> _What to work on_
With the pictures left out, retype exactly the lines below starting at the line that contains "Mammillaria laui albiflora" and ending at the line that contains "wuw-2014-0402".

> _Extracted records_
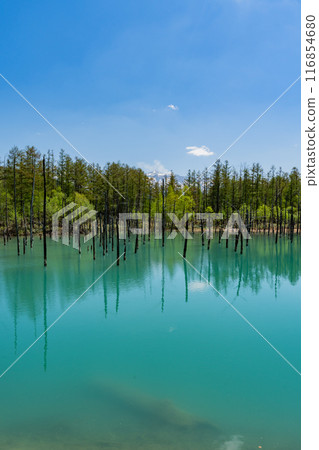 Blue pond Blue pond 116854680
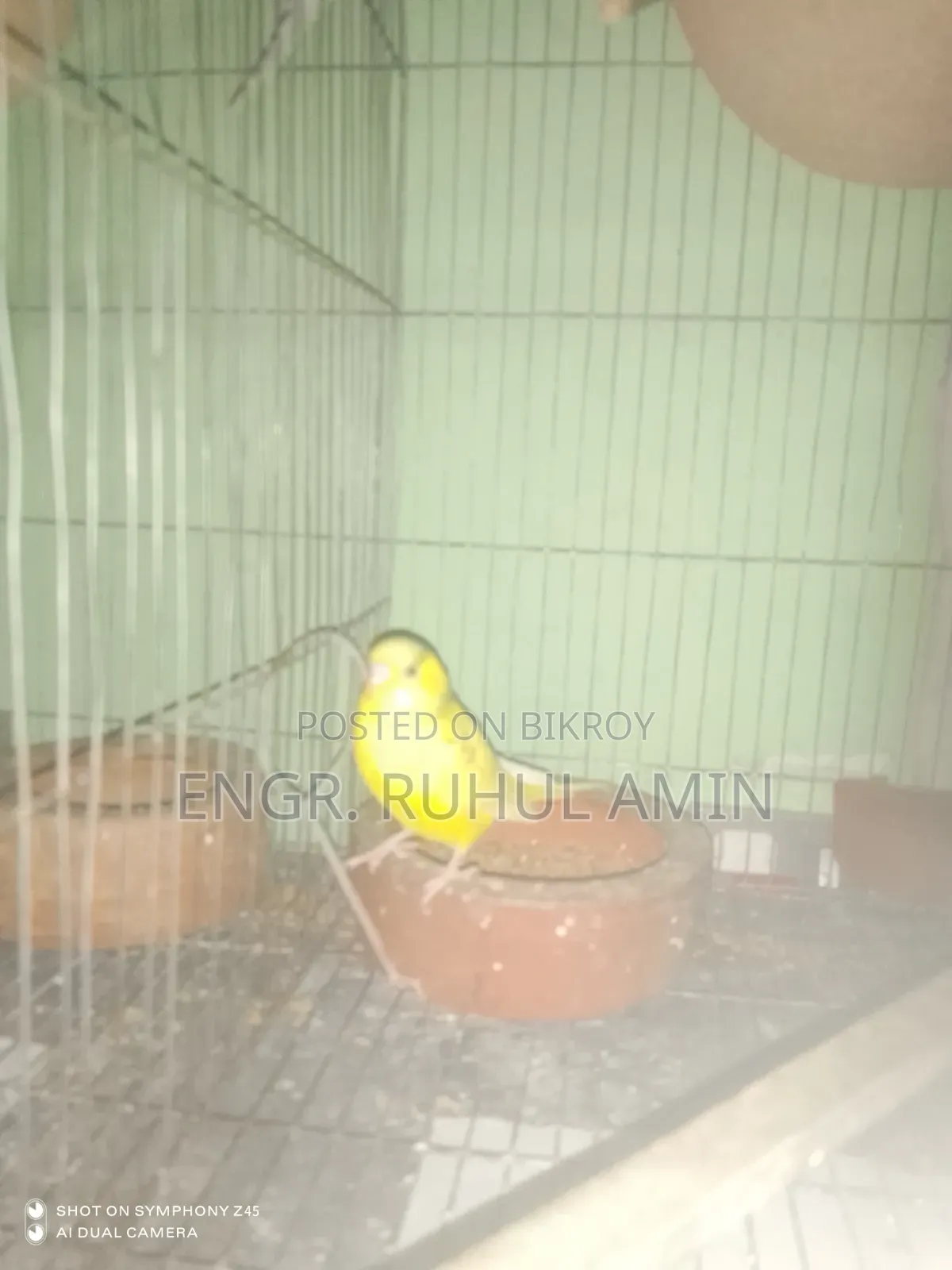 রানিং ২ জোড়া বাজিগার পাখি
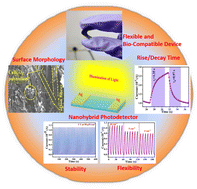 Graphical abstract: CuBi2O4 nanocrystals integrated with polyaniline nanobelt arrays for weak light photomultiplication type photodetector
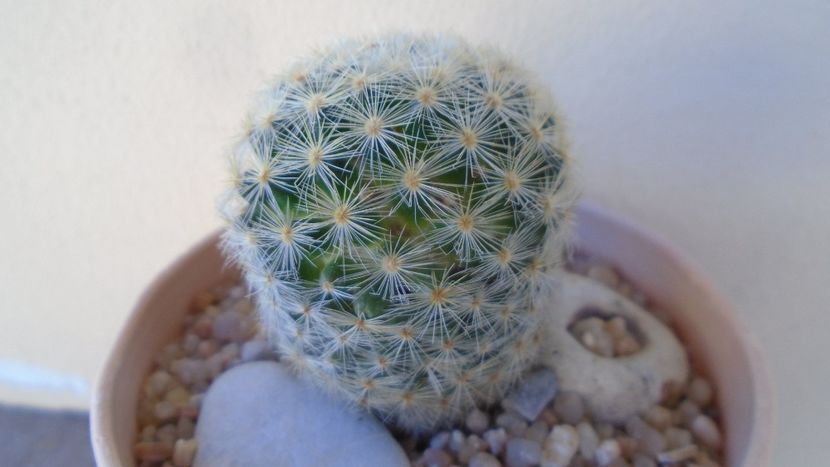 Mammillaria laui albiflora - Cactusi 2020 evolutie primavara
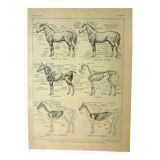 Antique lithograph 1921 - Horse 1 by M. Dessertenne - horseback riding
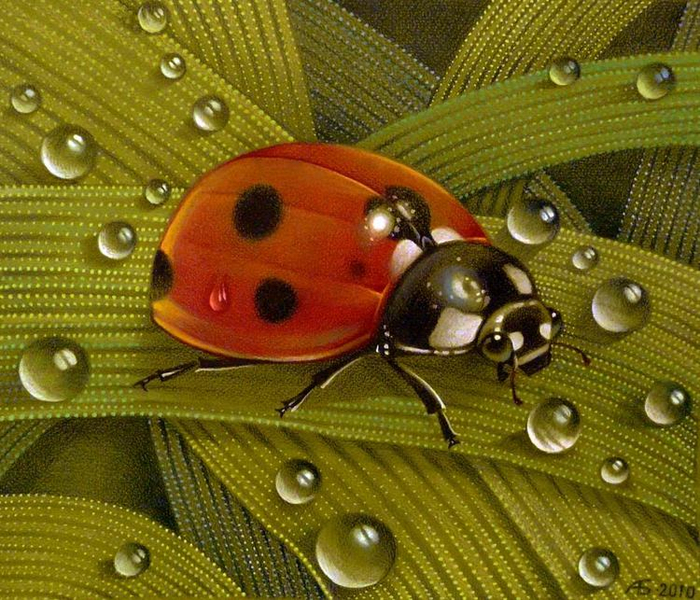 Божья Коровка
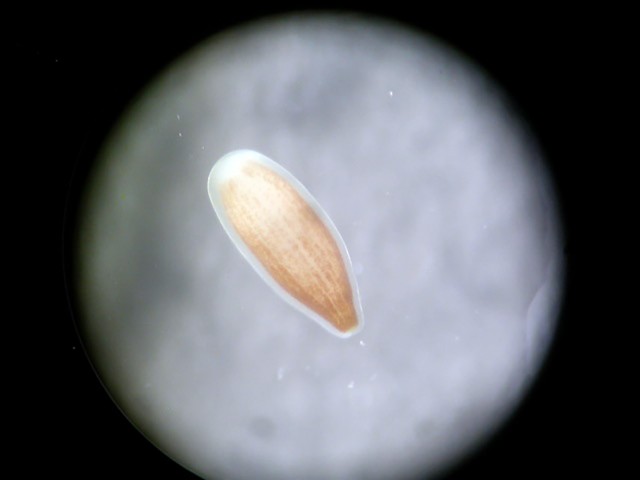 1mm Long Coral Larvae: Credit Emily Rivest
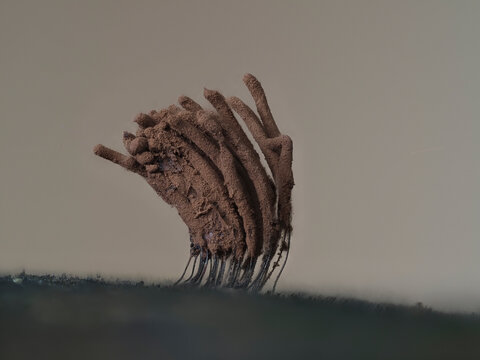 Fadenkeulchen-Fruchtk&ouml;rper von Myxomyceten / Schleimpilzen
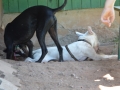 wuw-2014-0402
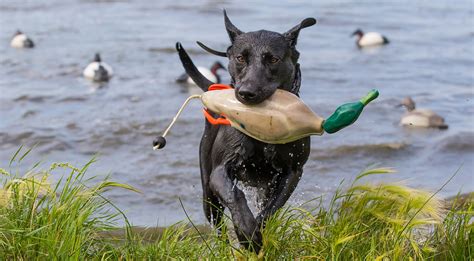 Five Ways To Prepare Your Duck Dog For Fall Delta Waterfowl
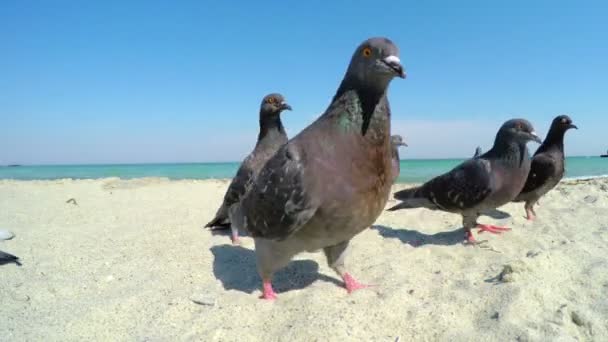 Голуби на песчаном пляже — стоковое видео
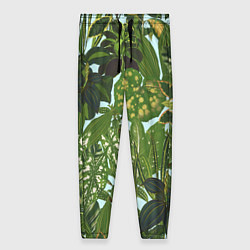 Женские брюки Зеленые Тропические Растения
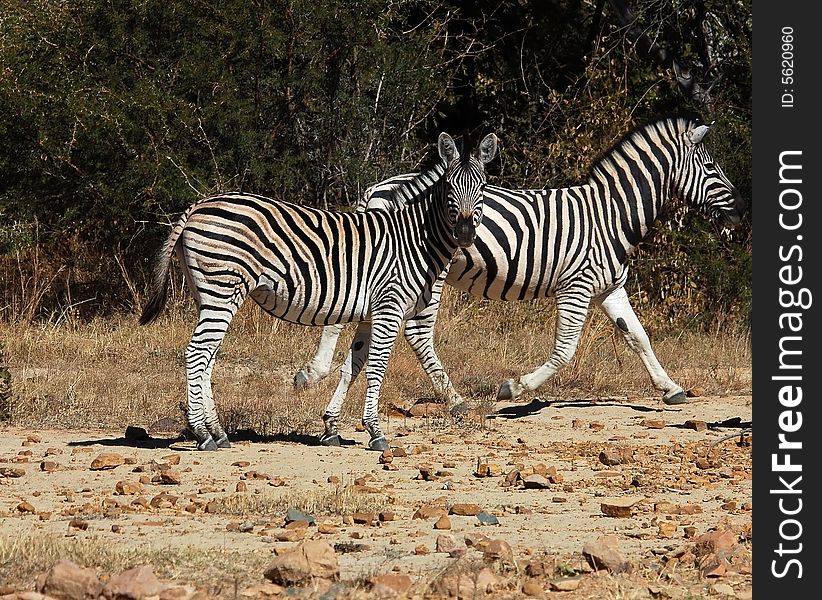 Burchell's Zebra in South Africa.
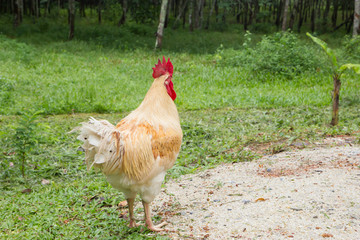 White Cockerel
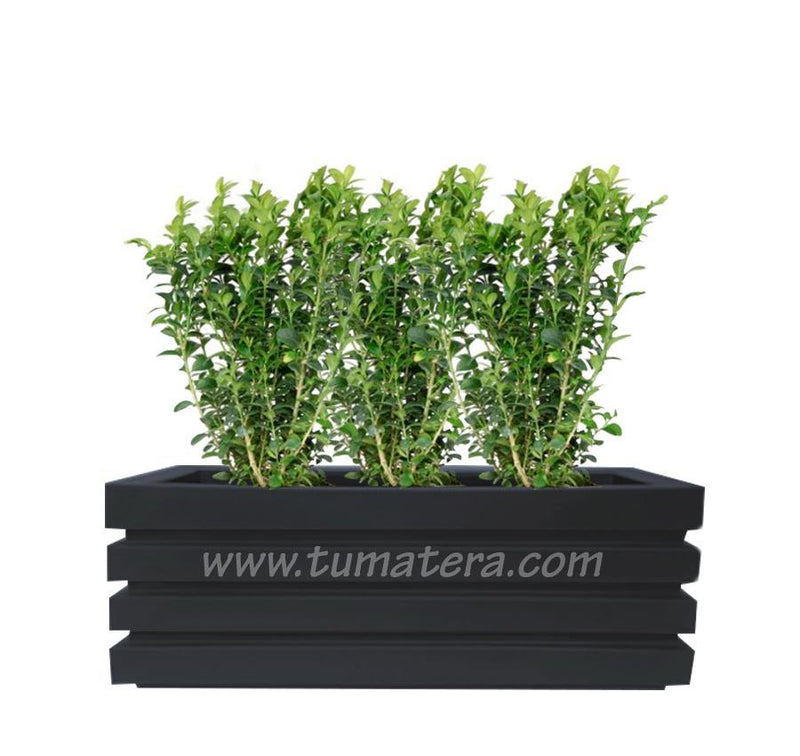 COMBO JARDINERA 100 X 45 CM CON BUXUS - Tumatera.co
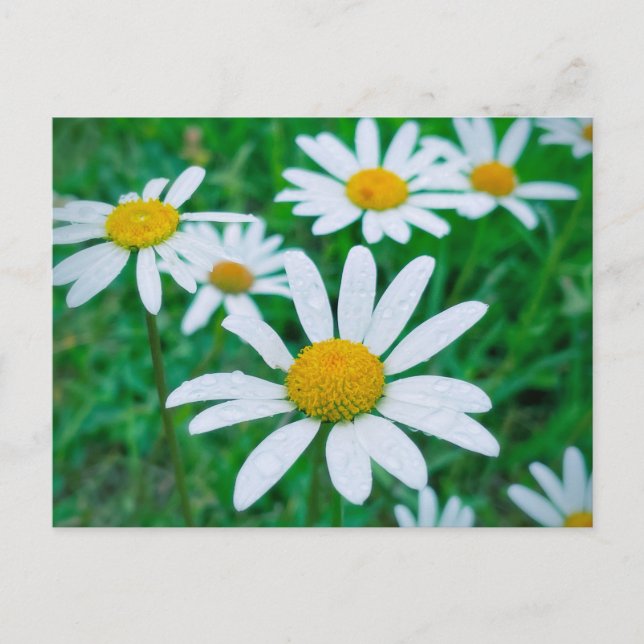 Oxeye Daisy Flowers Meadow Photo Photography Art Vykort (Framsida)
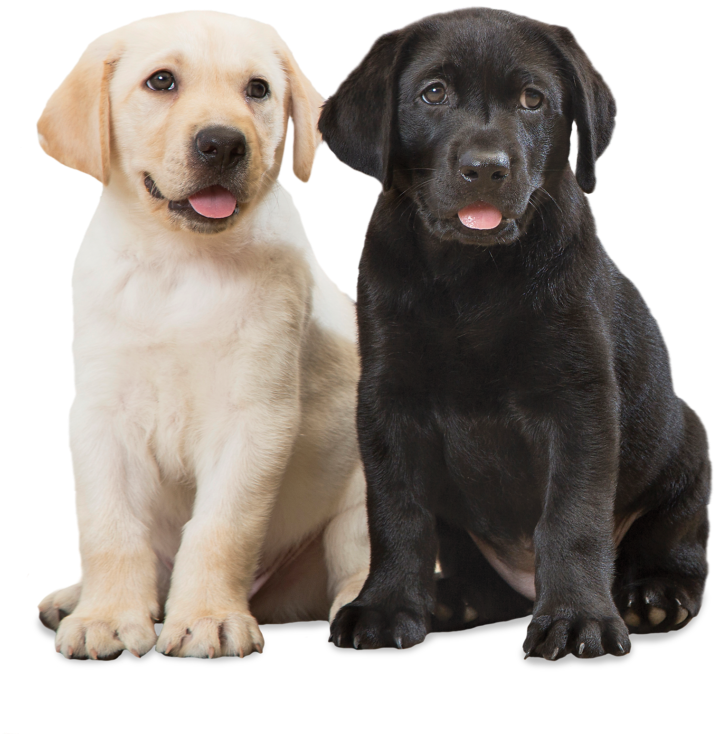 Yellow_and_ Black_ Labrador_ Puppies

> _Answer to this problem_
 Mammillaria laui albiflora - Cactusi 2020 evolutie primavara
 Antique lithograph 1921 - Horse 1 by M. Dessertenne - horseback riding
 Божья Коровка
 1mm Long Coral Larvae: Credit Emily Rivest
 Fadenkeulchen-Fruchtk&ouml;rper von Myxomyceten / Schleimpilzen
 wuw-2014-0402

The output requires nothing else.